Will Smith is making more revelations, this time about Jada Pinkett Smith’s relationship with Tupac Shakur.
In his new memoir, Will, the actor admits that he felt insecure and jealous about his then-girlfriend’s friendship with the late rapper, who attended the Baltimore School for the Arts in Maryland with Jada when they were teenagers.
“Though they were never intimate, their love for each other is legendary – they defined ‘ride or die,’” Smith writes, according to Complex. “In the beginning of our relationship, my mind was tortured by their connection. He was PAC! and I was me. He triggered the perception of myself as a coward. I hated that I wasn’t what he was in the world, and I suffered a raging jealousy: I wanted Jada to look at me like that.”
Smith admits that he felt a “twisted kind of victory” when Jada ended up picking him over ‘Pac.
“If she chose me over Tupac, there was no way I could be a coward,” says the King Richard star. “I have rarely felt more validated… I was in a room with Tupac on multiple occasions, but I never spoke to him. The way Jada loved Pac rendered me incapable of being friends with him. I was too immature.”

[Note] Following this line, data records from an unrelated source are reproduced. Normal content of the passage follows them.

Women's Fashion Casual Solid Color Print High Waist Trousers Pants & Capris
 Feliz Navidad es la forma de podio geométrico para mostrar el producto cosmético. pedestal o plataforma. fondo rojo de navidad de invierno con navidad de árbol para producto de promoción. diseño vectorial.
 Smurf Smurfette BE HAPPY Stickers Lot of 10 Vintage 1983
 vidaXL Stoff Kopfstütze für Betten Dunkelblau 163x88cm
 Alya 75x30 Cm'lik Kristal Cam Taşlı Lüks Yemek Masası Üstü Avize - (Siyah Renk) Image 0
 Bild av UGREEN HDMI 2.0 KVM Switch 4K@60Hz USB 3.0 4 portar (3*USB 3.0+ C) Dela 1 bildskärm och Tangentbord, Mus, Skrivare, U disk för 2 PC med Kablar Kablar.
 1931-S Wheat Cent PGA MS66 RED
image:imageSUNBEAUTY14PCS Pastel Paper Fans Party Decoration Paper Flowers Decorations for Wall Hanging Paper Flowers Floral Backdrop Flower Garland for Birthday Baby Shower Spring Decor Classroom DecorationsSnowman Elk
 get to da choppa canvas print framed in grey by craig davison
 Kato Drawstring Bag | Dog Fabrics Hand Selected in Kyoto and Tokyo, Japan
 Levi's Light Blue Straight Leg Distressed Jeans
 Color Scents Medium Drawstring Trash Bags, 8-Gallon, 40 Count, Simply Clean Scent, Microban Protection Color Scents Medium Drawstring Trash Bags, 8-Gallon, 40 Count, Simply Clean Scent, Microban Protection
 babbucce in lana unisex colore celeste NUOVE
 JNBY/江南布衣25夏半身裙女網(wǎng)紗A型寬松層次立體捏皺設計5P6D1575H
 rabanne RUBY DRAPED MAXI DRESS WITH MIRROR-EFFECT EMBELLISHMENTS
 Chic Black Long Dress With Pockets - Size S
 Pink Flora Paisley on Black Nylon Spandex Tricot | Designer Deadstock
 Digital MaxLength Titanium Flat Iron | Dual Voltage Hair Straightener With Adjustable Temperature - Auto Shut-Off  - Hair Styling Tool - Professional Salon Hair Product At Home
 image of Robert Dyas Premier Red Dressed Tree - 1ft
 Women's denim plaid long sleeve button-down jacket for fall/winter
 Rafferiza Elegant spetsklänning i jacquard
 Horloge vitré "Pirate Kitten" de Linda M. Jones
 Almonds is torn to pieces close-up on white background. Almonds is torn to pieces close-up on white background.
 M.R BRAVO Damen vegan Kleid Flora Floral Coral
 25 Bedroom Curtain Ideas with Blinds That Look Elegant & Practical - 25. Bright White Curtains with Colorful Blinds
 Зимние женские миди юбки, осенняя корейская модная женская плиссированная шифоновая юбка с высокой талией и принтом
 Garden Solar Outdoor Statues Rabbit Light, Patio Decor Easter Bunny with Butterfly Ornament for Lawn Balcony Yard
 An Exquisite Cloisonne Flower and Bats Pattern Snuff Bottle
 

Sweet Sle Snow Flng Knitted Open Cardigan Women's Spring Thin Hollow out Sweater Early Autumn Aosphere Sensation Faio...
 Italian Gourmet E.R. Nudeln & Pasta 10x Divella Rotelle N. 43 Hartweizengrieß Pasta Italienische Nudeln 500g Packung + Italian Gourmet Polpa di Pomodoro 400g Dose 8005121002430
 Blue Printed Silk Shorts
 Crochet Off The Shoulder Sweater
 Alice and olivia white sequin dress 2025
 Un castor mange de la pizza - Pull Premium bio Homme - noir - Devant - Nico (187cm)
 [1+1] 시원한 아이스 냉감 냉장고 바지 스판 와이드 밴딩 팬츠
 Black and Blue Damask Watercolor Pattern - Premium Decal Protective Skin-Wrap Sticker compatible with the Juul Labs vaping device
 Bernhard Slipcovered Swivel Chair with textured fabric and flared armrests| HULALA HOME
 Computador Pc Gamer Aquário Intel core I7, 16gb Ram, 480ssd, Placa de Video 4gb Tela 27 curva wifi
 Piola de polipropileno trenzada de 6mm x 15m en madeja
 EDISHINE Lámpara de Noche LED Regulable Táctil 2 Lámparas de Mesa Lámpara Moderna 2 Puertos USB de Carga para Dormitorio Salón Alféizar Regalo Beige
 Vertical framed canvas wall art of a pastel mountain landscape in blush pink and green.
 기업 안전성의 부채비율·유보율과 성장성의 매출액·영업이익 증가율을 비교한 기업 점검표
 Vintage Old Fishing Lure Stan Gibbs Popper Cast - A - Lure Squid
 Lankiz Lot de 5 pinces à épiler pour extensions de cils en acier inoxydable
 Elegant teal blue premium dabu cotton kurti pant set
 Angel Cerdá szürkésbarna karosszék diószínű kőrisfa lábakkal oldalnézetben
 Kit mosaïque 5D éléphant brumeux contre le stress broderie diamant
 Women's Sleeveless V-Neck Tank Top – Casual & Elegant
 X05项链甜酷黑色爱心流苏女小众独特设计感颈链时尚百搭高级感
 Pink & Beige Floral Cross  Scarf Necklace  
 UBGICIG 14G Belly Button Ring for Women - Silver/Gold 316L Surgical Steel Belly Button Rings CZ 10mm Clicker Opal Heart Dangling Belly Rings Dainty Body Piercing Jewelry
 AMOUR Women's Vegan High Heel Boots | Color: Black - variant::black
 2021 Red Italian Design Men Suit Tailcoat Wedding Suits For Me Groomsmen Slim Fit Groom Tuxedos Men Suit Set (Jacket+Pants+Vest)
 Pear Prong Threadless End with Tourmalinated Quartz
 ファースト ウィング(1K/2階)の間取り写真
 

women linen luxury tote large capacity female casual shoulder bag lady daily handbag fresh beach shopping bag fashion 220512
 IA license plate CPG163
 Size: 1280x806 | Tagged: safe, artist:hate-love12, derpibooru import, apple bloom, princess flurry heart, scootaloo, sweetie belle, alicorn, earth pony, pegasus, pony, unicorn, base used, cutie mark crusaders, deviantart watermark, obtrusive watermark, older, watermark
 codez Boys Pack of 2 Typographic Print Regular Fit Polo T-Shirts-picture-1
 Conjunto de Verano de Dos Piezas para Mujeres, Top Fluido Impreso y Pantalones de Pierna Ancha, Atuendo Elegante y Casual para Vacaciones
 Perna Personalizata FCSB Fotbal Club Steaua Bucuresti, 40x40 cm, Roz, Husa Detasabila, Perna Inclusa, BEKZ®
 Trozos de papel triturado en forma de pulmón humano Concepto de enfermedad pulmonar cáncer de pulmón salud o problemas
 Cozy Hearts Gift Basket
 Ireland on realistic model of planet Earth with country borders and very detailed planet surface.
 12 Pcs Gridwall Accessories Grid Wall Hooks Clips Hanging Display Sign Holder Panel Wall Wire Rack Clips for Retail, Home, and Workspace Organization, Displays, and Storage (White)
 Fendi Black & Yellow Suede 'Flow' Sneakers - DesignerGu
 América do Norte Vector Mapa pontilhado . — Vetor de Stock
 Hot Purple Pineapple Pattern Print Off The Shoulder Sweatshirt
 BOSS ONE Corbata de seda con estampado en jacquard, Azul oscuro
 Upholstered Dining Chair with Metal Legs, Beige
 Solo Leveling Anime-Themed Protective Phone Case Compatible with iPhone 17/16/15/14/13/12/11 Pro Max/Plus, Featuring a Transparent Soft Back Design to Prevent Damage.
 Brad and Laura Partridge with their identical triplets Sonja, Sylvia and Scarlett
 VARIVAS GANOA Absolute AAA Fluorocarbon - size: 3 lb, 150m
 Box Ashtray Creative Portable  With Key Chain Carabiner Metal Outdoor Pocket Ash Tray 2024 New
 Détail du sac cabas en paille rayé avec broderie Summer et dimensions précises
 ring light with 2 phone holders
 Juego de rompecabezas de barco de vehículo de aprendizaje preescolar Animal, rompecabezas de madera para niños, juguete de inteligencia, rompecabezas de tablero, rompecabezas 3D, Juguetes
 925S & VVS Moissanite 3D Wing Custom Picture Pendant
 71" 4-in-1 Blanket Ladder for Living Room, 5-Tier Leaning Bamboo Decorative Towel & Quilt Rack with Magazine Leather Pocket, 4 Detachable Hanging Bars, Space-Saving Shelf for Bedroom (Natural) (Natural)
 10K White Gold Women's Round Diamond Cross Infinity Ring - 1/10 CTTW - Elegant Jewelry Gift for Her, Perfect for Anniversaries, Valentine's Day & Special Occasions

During an interview with “The Breakfast Club” in early 2020, Smith echoed his insecurities about the close bond between ‘Pac and Jada.
“That was a big regret for me too because I could never open up to interact with Pac,” he said. “You know, because we had a little bit of a thing. You know, they grew up together and they loved each other, but they never had a sexual relationship.”
Looking back, he regrets that they couldn’t become friends. “I couldn’t handle it. I was the soft rapper from Philly and he was ‘Pac,” he said. “I was deeply, deeply insecure, and I wasn’t man enough to handle that relationship.”
In the book, which was released this week, Smith also reveals that he thought about taking his father’s life after witnessing him abuse his mother when he was a child.